Malik adds: “Despite a challenging backdrop, there are opportunities to reshape the country’s economic geography. The Government’s recent initiatives, including the Levelling-up Fund and National Infrastructure Strategy, are welcome, but new approaches are required to avoid a growing gap between towns and cities, and North and South.
“Some of the recent shifts in how we organise work and home life have been positive for economic rebalancing and mean there could be opportunities to create ‘virtual’ jobs in places that have found it difficult to attract higher value-added sectors. A policy focus on supporting sectors, like manufacturing, which matter to both investors and towns would help.
“The shift to a ‘net zero’ economy also presents a significant green opportunity for the UK. The Government’s target of a 68% cut in annual carbon emissions and the new 10-point plan should provide impetus to green investment in projects – including offshore wind and carbon capture – which will typically be located outside major cities.”
“Crucially, the Government must avoid a top-down approach; boosting local capabilities and understanding local characteristics should be the starting point for working up to national policy frameworks.”
The report shows that the uneven distribution of economic sectors across the country has had a striking impact on the economic performance of England’s regions, towns and cities in 2020.

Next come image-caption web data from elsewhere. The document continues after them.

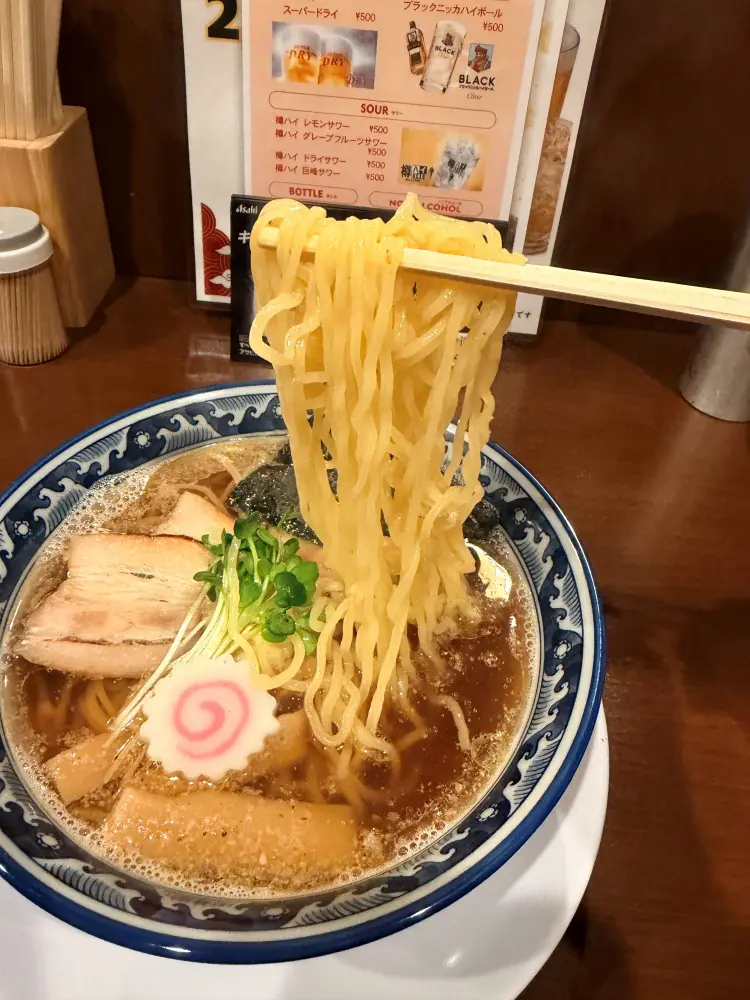 つるんとした多加水麺
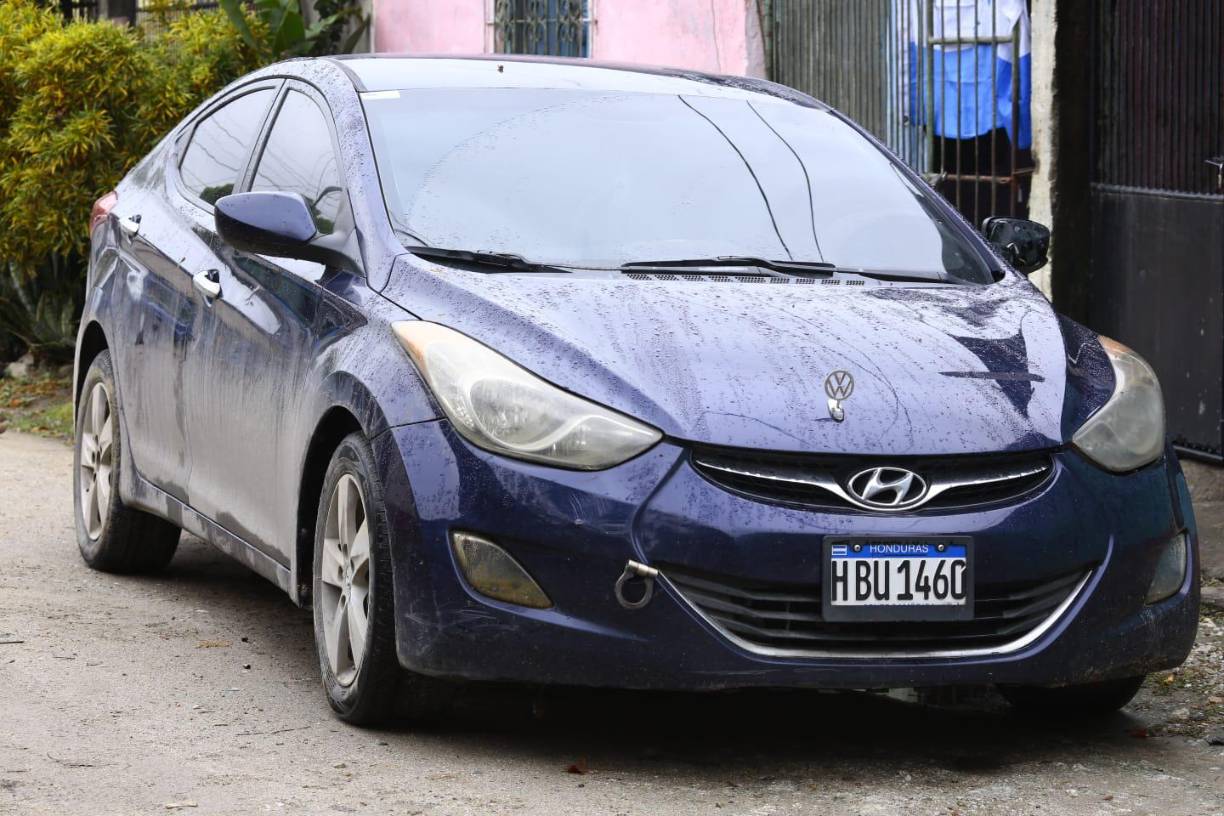 El carro estaba en la calle principal de la Rivera Hernández, a unas dos cuadras del parque central de dicho sector. 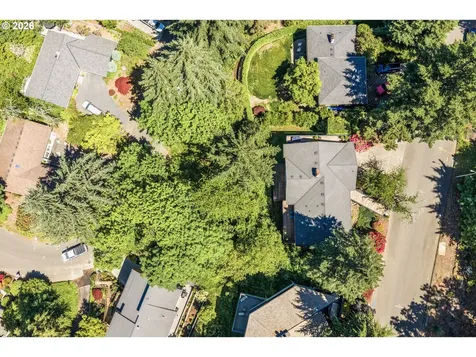 1121 Devon Lane Lake Oswego OR 97034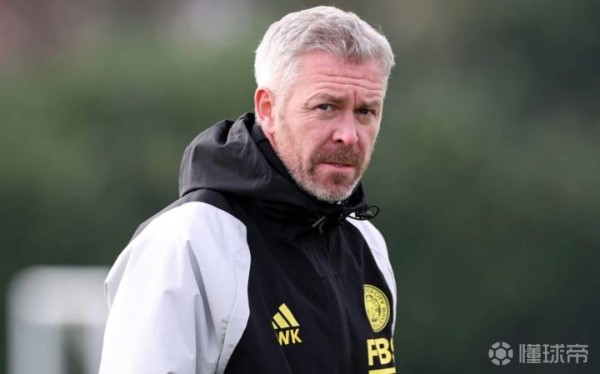 电讯报：英格兰女足联赛中至少有36起球员与教练亲密关系事件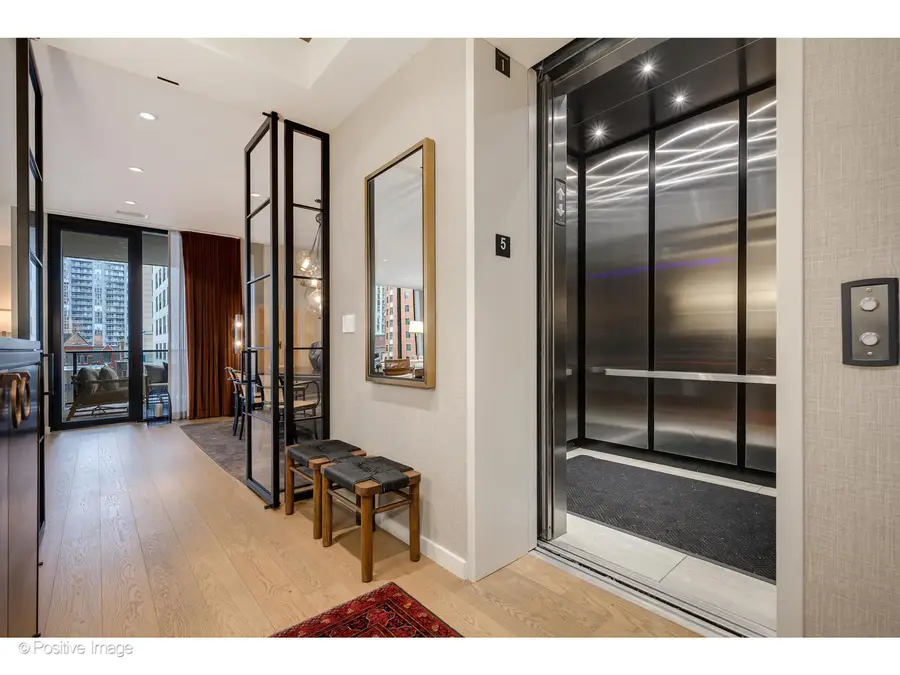 56 W Huron Street #5, Chicago, IL 60654 - Image #3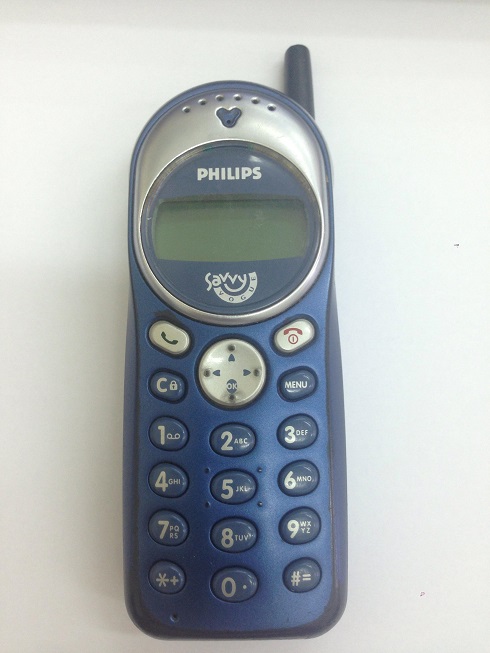 Д 2 телефон. Philips Savvy Vogue. Сотовый телефон Филипс Savvy. Philips Сотовые 2000. Филипс 2000 годы сотовый.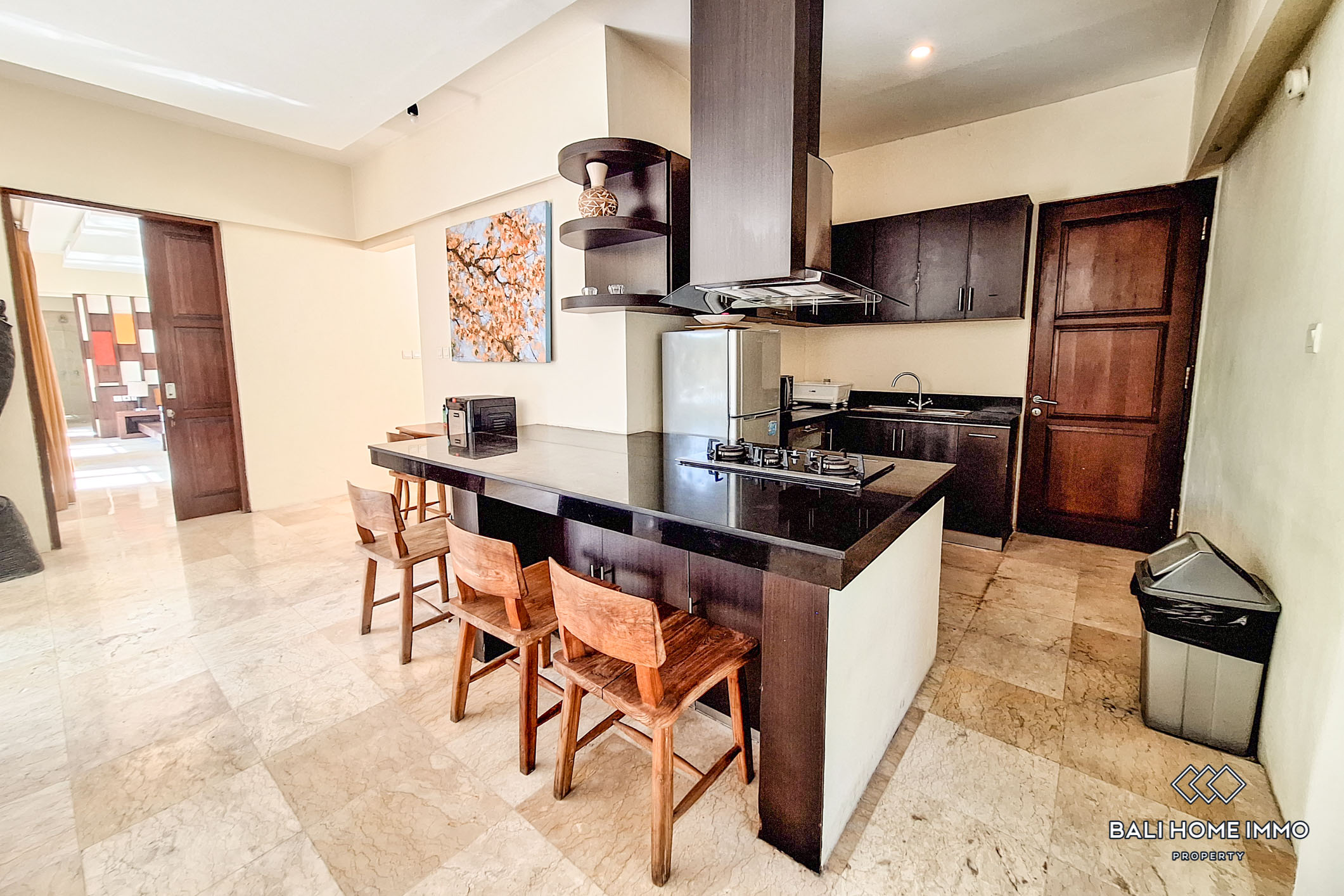3 Bedroom Villa with garden for Rent near Nelayan Beach Canggu — image 6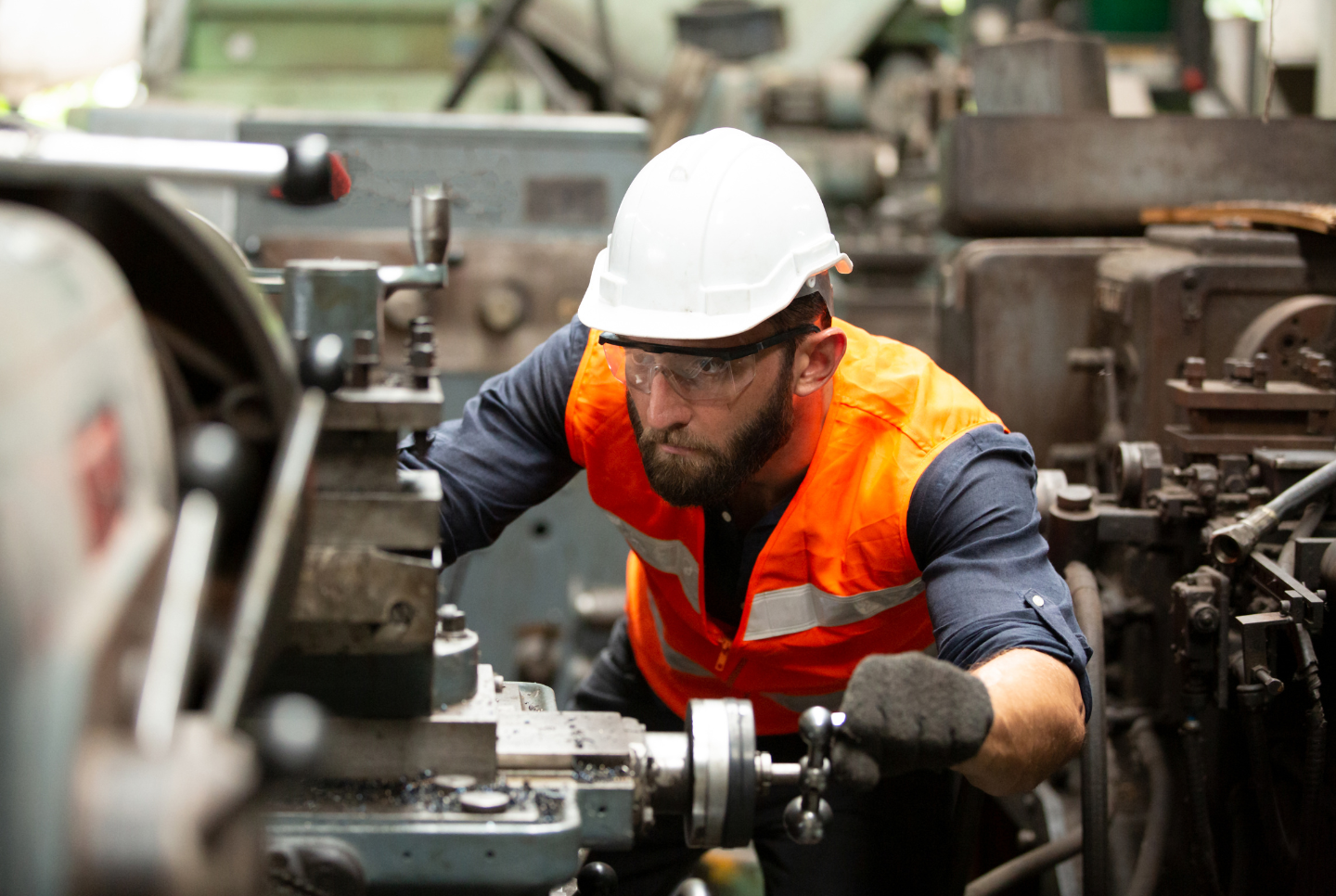 How LogTech Companies Can Forge Stronger Customer Bonds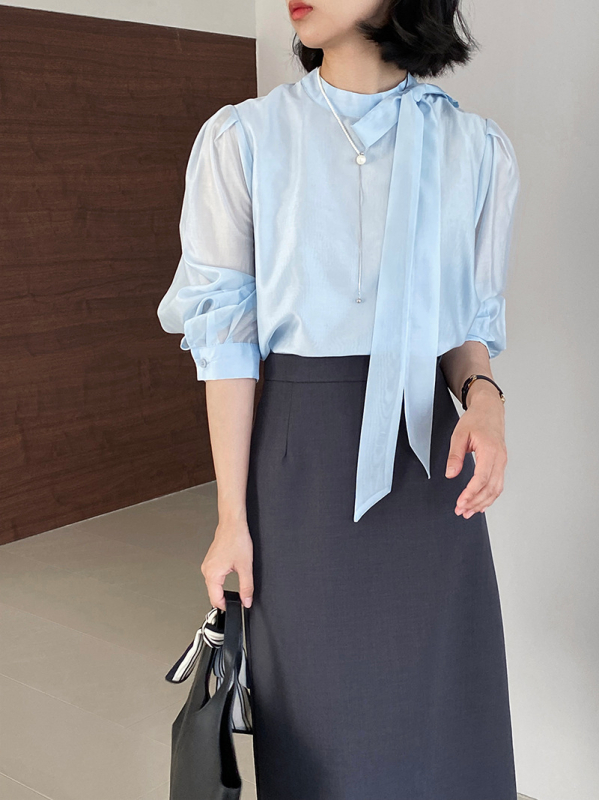 Lyocell (Tencel) kiududest särk polüestri sisaldusega, ümmargune kaelus, pikad varrukad, paneeli-kollaaž disain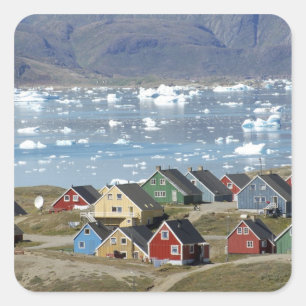 Kleurrijke architectuur van de stad, Narsaq, Vierkante Sticker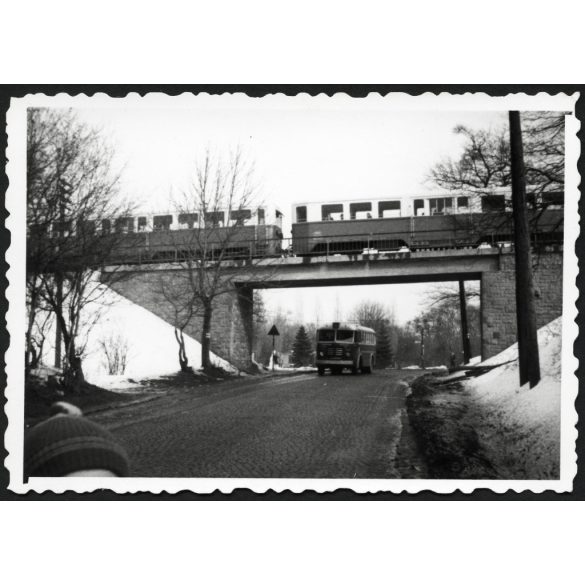 Úttörővasút, Ikarus busz, Budapest, Budakeszi út, 22-es busz, jármű, közlekedés, helytörténet, 1960-as évek, Eredeti fotó, papírkép.  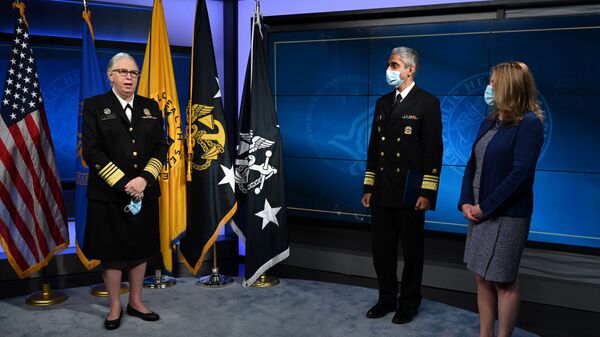 Rachel Levine tuyên thệ nhậm chức Trợ lý Bộ trưởng Y tế và Đô đốc Cơ quan Y tế xã hội Mỹ - Sputnik Việt Nam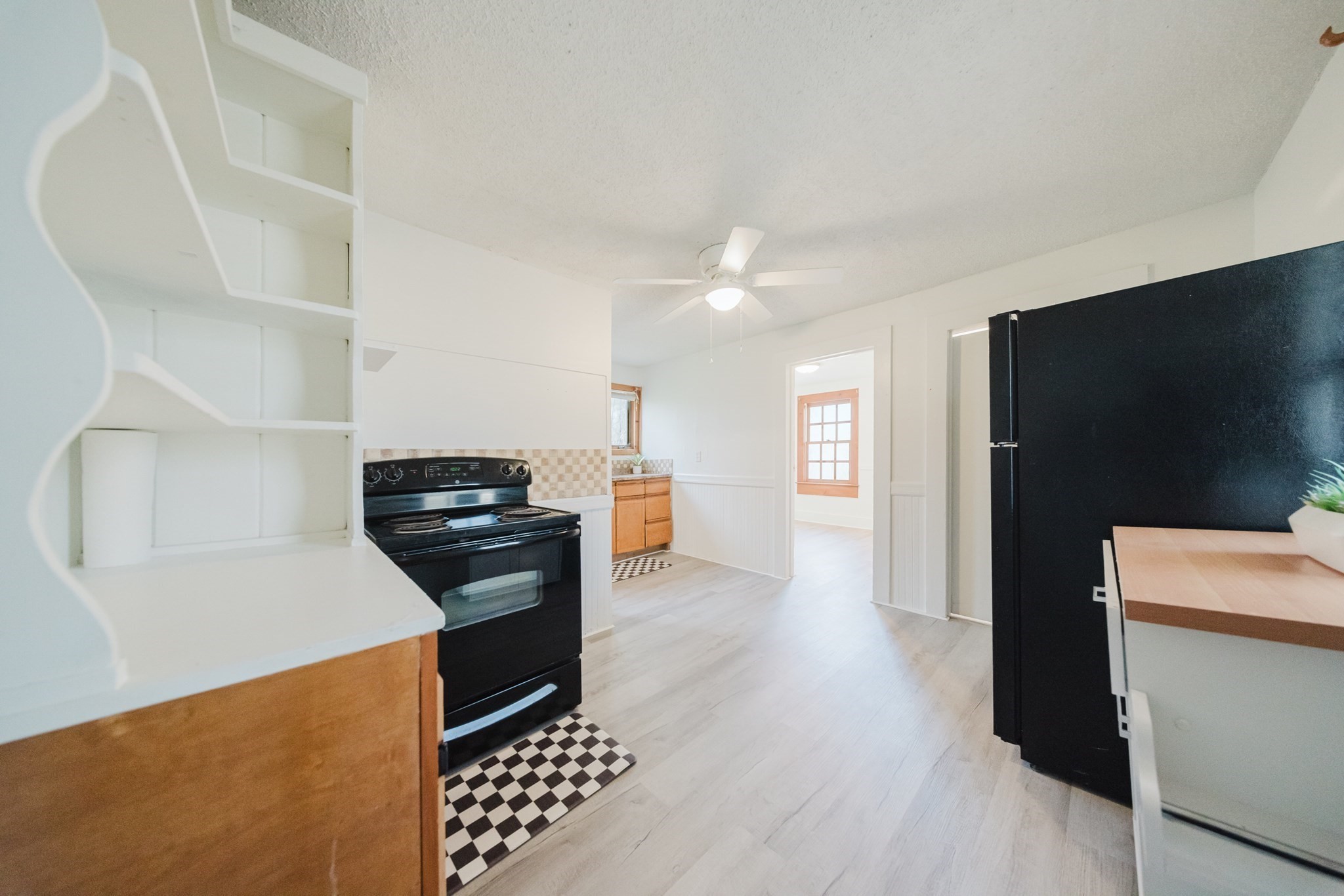 34 Main Property Photo 9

Regionally, London (-10.4%), the South East (-11.37%) and the North West (-11.75%) have seen the smallest declines in GVA over 2020. This is partly because these regions have the highest share of sectors likely to have been least affected by lockdown restrictions on activity, including financial and professional services and IT. Among other factors, these sectors were able to move a significant share of activity online during the pandemic.
GVA has fallen furthest in 2020 in the West Midlands (-13.58%), Yorkshire and Humber (-12.77%), and East Midlands (-12.45%). Manufacturing is the dominant sector in each of these region’s economies, accounting for approximately 15% of total GVA in each region – nationwide, manufacturing GVA fell by -12.14% over the course of the year.
The difference between towns and cities is starkest in the employment numbers: cities have seen employment fall by -0.47% in 2020, while towns have seen employment fall by -1.23%.
Baker says: “To accelerate the levelling up agenda, the Government’s aim should be to tailor sector opportunities to local conditions. These should dictate what is needed for investment in skills, transport, digital and social infrastructure. Once plans are agreed, resources should be released to local control for delivery wherever practical.”
According to the report, just over half of the UK’s major economic sectors will have grown in GVA terms by 2023 compared to 2019.
The biggest growth by 2023 is expected in health (0.92% annual increase in GVA), professional services (0.78%), and IT (0.76%). The greatest shortfalls relative to 2019 are expected in manufacturing (-1.83%), hospitality (-1.36%), and arts and leisure (-1.29%).
Baker says: “Growth is forecast to be driven by high-end services which dominate city economies so, while the outlook for levelling up is disappointing, it is perhaps not surprising. By weakening the sectors that towns are most dependent on, COVID-19 has made levelling up harder.